I’ve never kissed Monica before. In fact, I haven’t kissed any of my female friends before. And truth be told I probably would never have tried. But now that she’s kissing me I realise I don’t necessarily mind the experience. It doesn’t stop me from freaking out though.

“Whoa! Whoa! Whoa! What’s going on? You and I just made out! You and I are making out?” I exclaim when we pull apart.  
“Well, not anymore,” she responds, looking at me.  
“But we don’t do that…”   
“I know, I just thought it would be fun,” she says with a shrug.

Fun? No woman has ever used the word fun in a sentence describing any sort of romantic experience with me. 

“How drunk are you?” I quiz her. There is no way she is sober right now.  
“Drunk enough to know that I want to do this. Not so drunk that you should feel guilty about taking advantage,” she replies with certainty.

I consider this for a moment. This may well be my last opportunity to finally bury all the gay stuff and have a legitimate attempt at being straight. It’s not like I’m ready to accept being gay and raise the idea of commitment with Joey. Plus, the repressed side of me is screaming at me to take this opportunity.

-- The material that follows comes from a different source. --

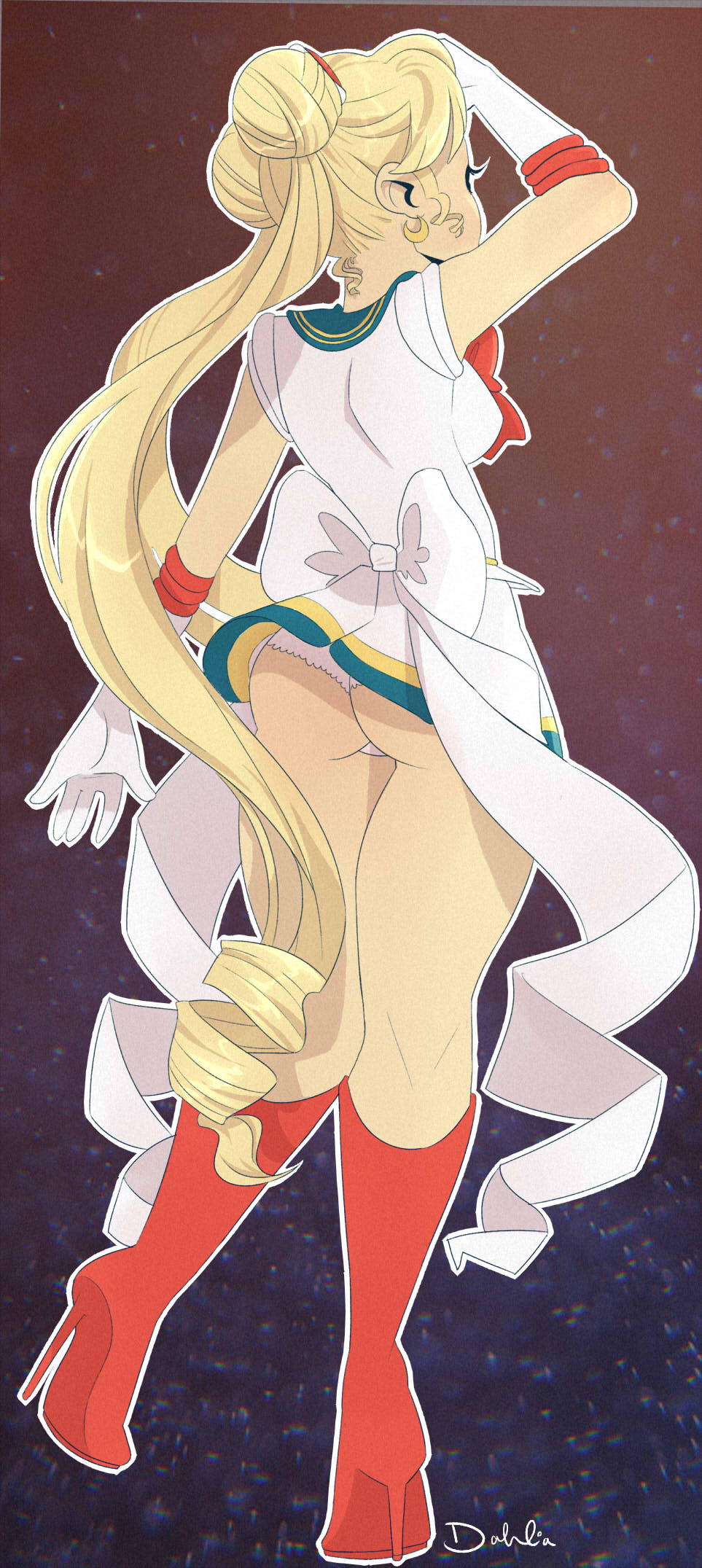Sailor Moon (Bishoujo Senshi Sailor Moon) Rule 34 Image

“That’s the perfect amount!” I exclaim with only a slight amount of faked excitement. Part of me is actually excited to see where this will lead.  
“Okay!” Monica responds equally excited.

We hop into bed and start kissing again. After a minute or two Monica pulls away.

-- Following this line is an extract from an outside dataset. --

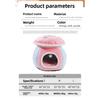 Pet Winter Warm Kennel Mat Crystal Super Soft Fully Enclosed Mushroom Nest Pet Bed Pet Supplies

“You know what’s weird?” she asks me.  
“What?”

Oh God, can she tell that she’s not my normal preference for a partner?

“This doesn’t feel weird!”

I let out a breath and relax.

“I know,” I agree, lying through my teeth. It feels pretty weird to me.  
“You’re a really good kisser,” she says a minute later.  
“Well, I have kissed over four women,” I say in jest. Plus, I have recently been schooled by a master kisser I think to myself. 

We kiss again. The more we do it the less weird it feels. I’m even getting aroused. Perhaps I’m bi-sexual or something. I can do this.

“Do you want to get under the covers?” I ask her nervously.   
“Hm-hmm!” she replies in a non-verbal sign of agreement. Alright here we go, this is happening.   
“Okay!”

We each take our own outfits off, in a fumbling hurried action that isn’t particularly sexy but is still turning me on. I find that I’m actually keen to see her naked. 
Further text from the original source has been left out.